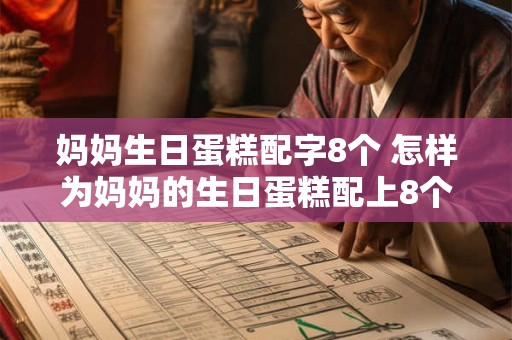 妈妈生日蛋糕配字8个 怎样为妈妈的生日蛋糕配上8个字的祝福 妈妈生日蛋糕配字8个 怎样为妈妈的生日蛋糕配上8个字的祝福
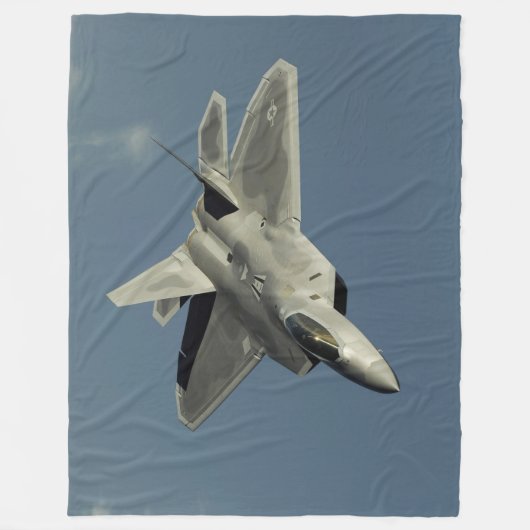 F-22 Raptor Fighter Jet Fleece Deken (Voorkant)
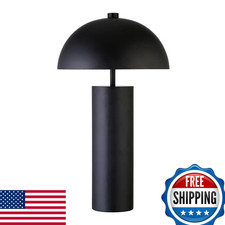 Henn Hart York 27 Tall Table Lamp Metal Shade In Blackened Bronze/Blackened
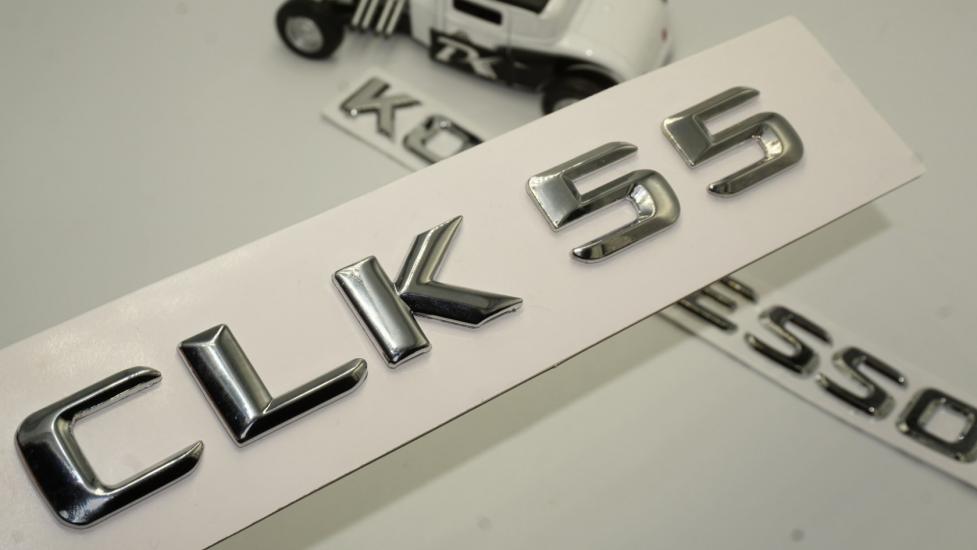 Benz CLK 55 Kompressor Bagaj Krom Metal 3M 3D Yazı Logo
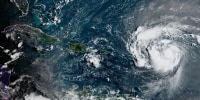 Tropical Storm Erin in the Atlantic on Aug. 15, 2025.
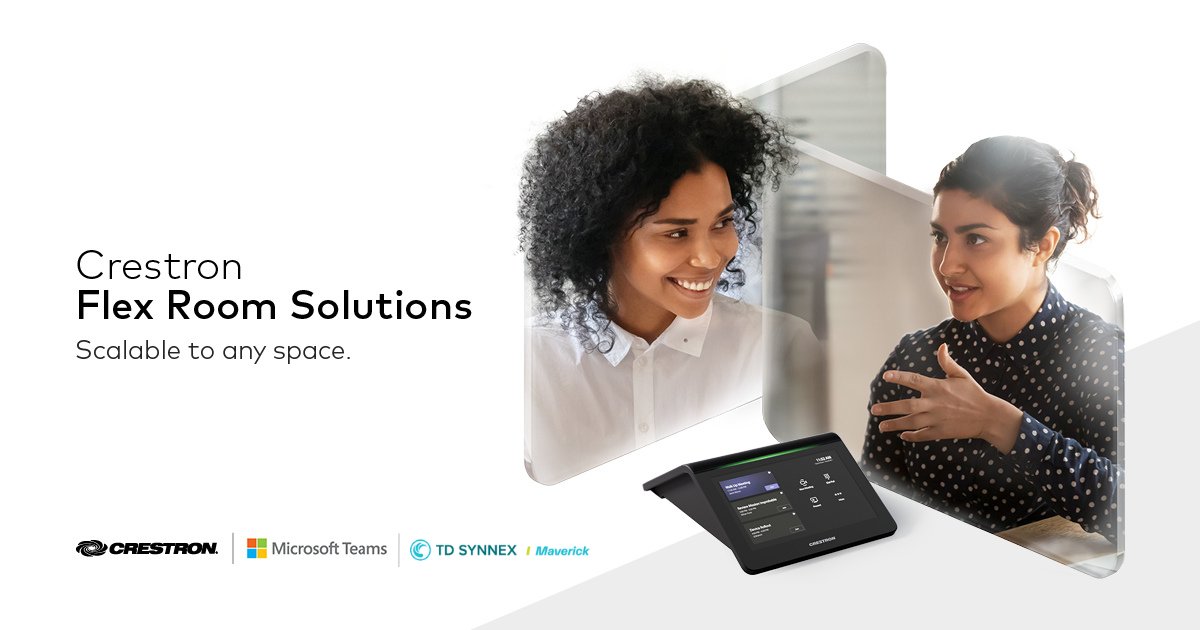 TDSYNNEXUK's tweet image. @MaverickAVWorld provides the smart workspaces your customers need. And #CrestronFlex Room Solutions turn any meeting room, large or small, into a hotspot for collaboration.
 
Try the Crestron  Room Configurator ms.spr.ly/60165L6Yq

#TDSYNNEXUKI #crestromroomsolutions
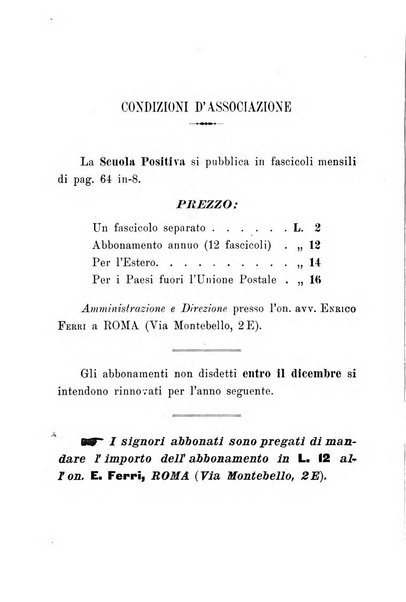 La scuola positiva nella giurisprudenza penale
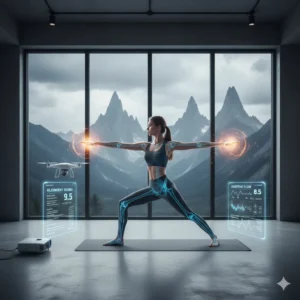 AI and Yoga: The Future of Perfect Biomechanical Alignment.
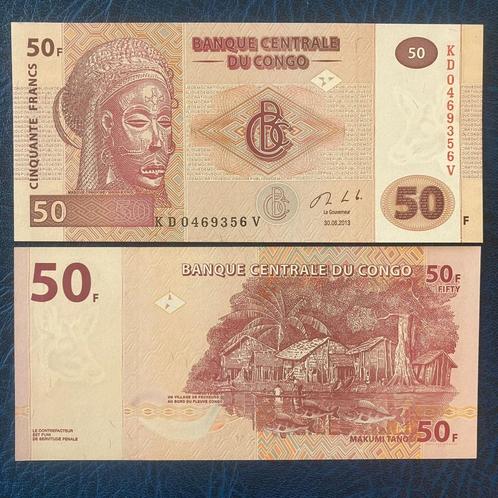 Congo - 50 Francs 2013 - Pick 97A - UNC, Timbres & Monnaies, Billets de banque | Afrique, Billets en vrac, Autres pays, Enlèvement ou Envoi
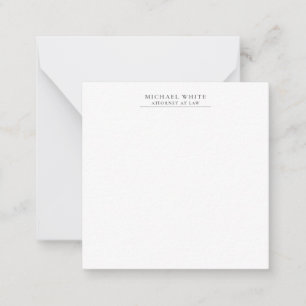 Carte De Correspondance Avocat minimaliste professionnel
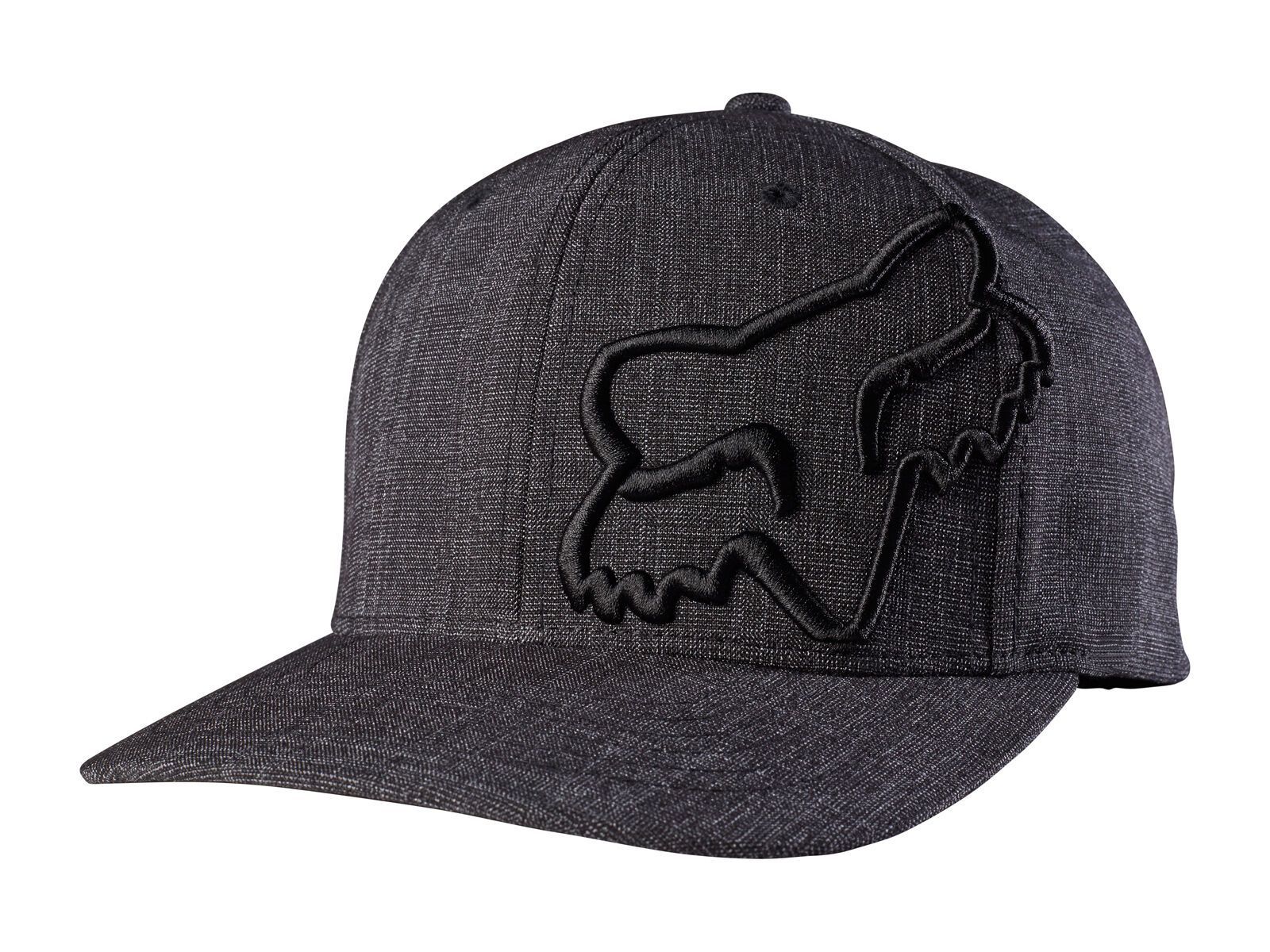 Fox Never Decline Flexfit Hat, heather black - Bild 1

○ ○ ○

* [TASK DIRECTIONS]:
Beginning with the first line of the records, write out every line up to and including the one with "AI and Yoga: The", exactly, and omit all pictures.

* [EXPECTED OUTPUT]:
 妈妈生日蛋糕配字8个 怎样为妈妈的生日蛋糕配上8个字的祝福 妈妈生日蛋糕配字8个 怎样为妈妈的生日蛋糕配上8个字的祝福
 F-22 Raptor Fighter Jet Fleece Deken (Voorkant)
 Henn Hart York 27 Tall Table Lamp Metal Shade In Blackened Bronze/Blackened
 Benz CLK 55 Kompressor Bagaj Krom Metal 3M 3D Yazı Logo
 Tropical Storm Erin in the Atlantic on Aug. 15, 2025.
 TDSYNNEXUK's tweet image. @MaverickAVWorld provides the smart workspaces your customers need. And #CrestronFlex Room Solutions turn any meeting room, large or small, into a hotspot for collaboration.
 
Try the Crestron  Room Configurator ms.spr.ly/60165L6Yq

#TDSYNNEXUKI #crestromroomsolutions
 La scuola positiva nella giurisprudenza penale
 AI and Yoga: The Future of Perfect Biomechanical Alignment.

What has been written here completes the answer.